▶ **WORK INSTRUCTION**:
Starting from the line containing "LV Suitcase 4461-0377", give again every line through the end of the entries, word for word. Pictures stay out of the copy.

Pictures with short captions
:::::

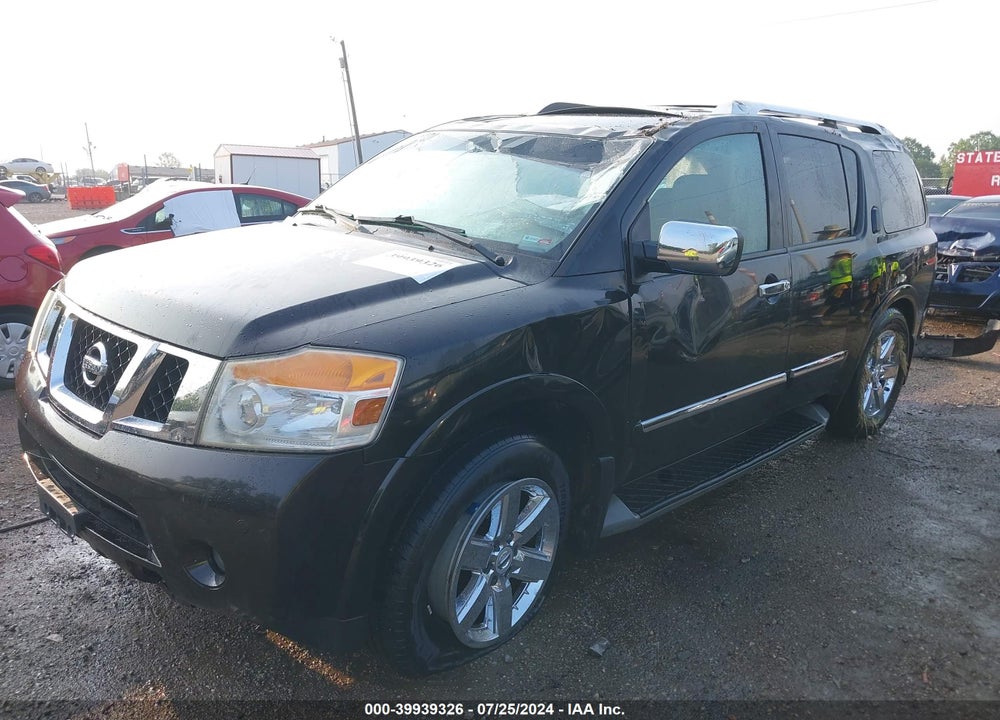 2011 NISSAN ARMADA PLATINUM VIN: 5N1AA0NEXBN613167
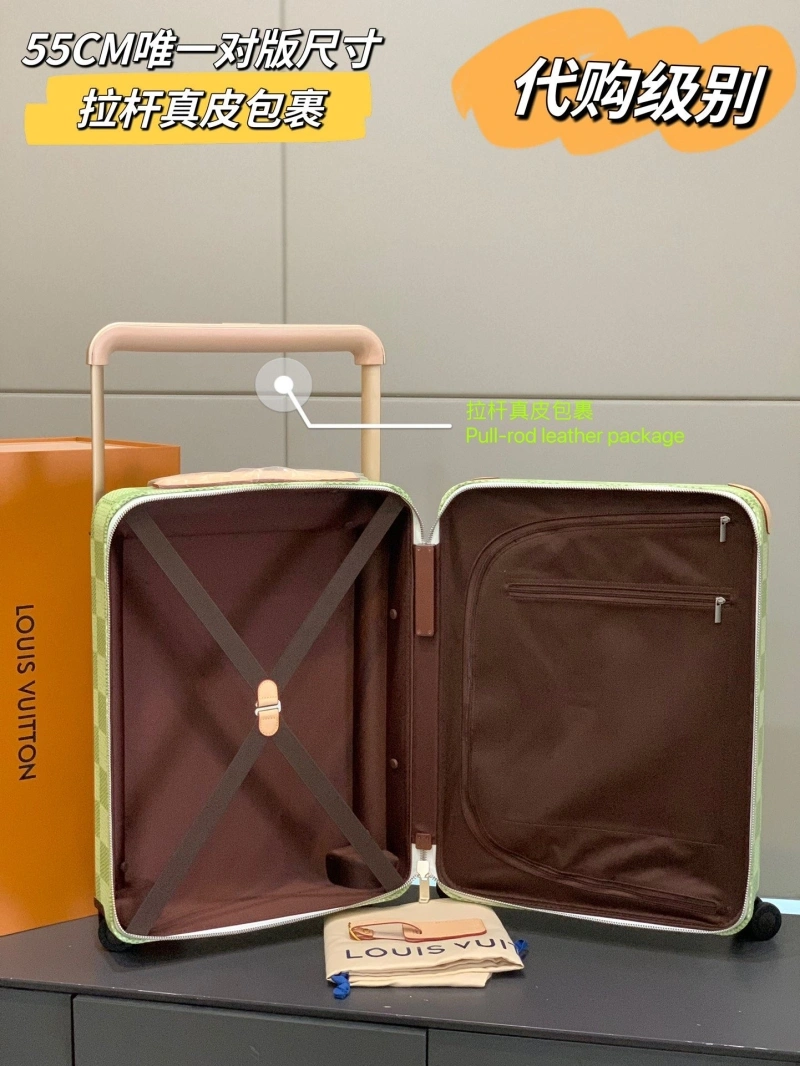 LV Suitcase 4461-0377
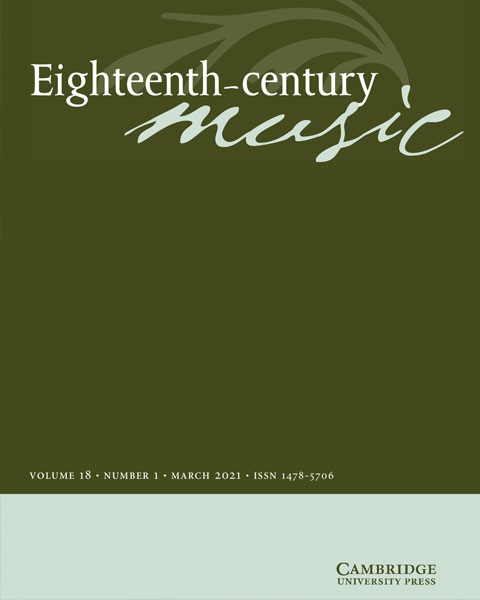 Eighteenth Century Music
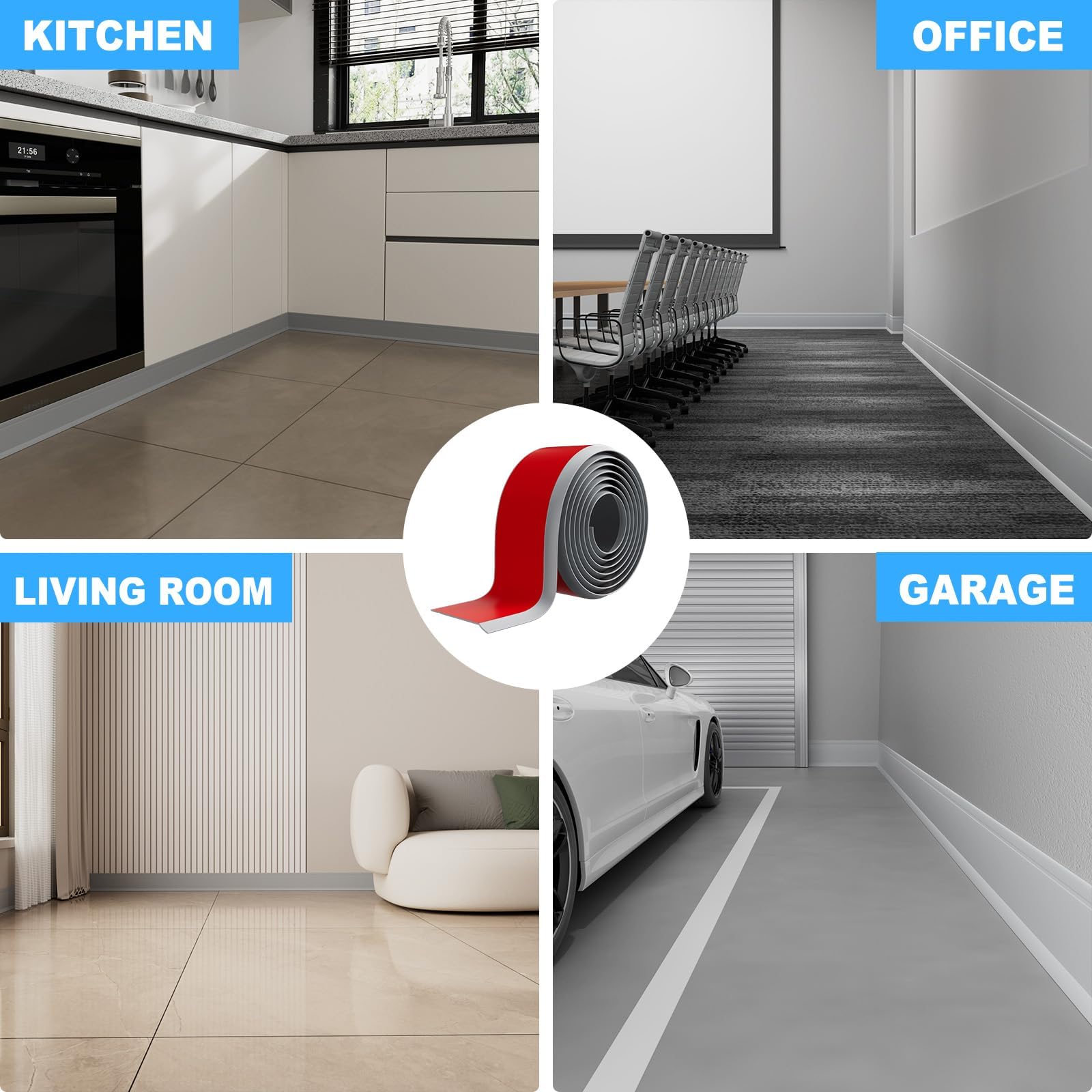 How to deal with baseboards and concrete ledge when installing vinyl  flooring?, image size:1600x1600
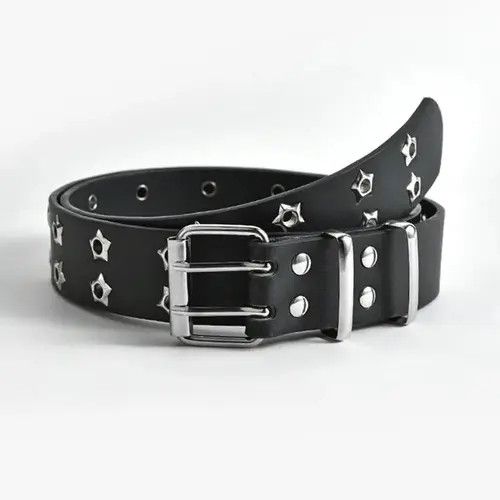 Other 100cm Double Pin Buckle Star Eye Belt Size ONE SIZE - 2 Thumbnail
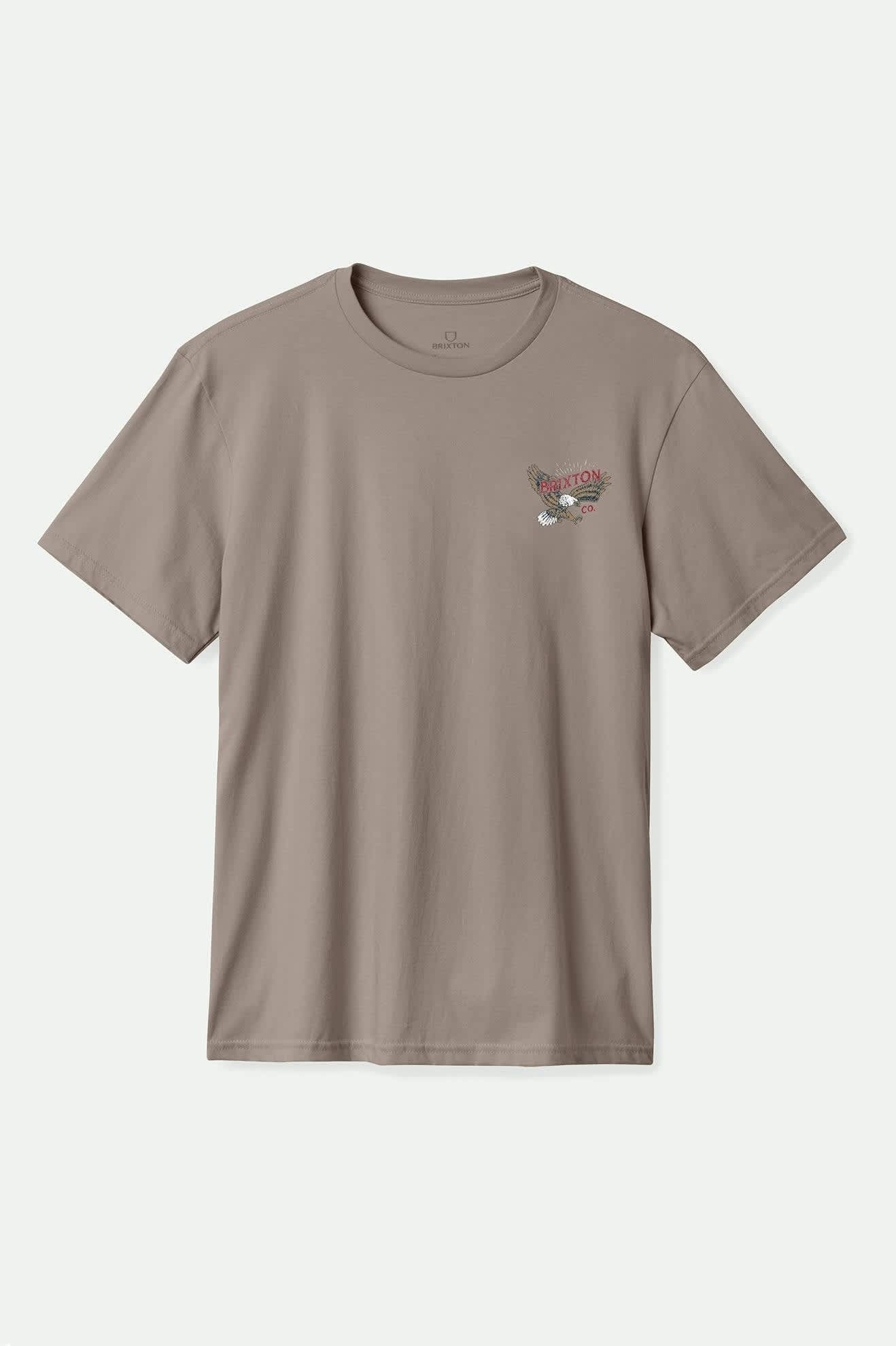 Keller S/S Standard T-Shirt - Cinder Worn Wash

:::::

▶ **EXERCISE RESULT**:
 LV Suitcase 4461-0377
 Eighteenth Century Music
 How to deal with baseboards and concrete ledge when installing vinyl  flooring?, image size:1600x1600
 Other 100cm Double Pin Buckle Star Eye Belt Size ONE SIZE - 2 Thumbnail
 Keller S/S Standard T-Shirt - Cinder Worn Wash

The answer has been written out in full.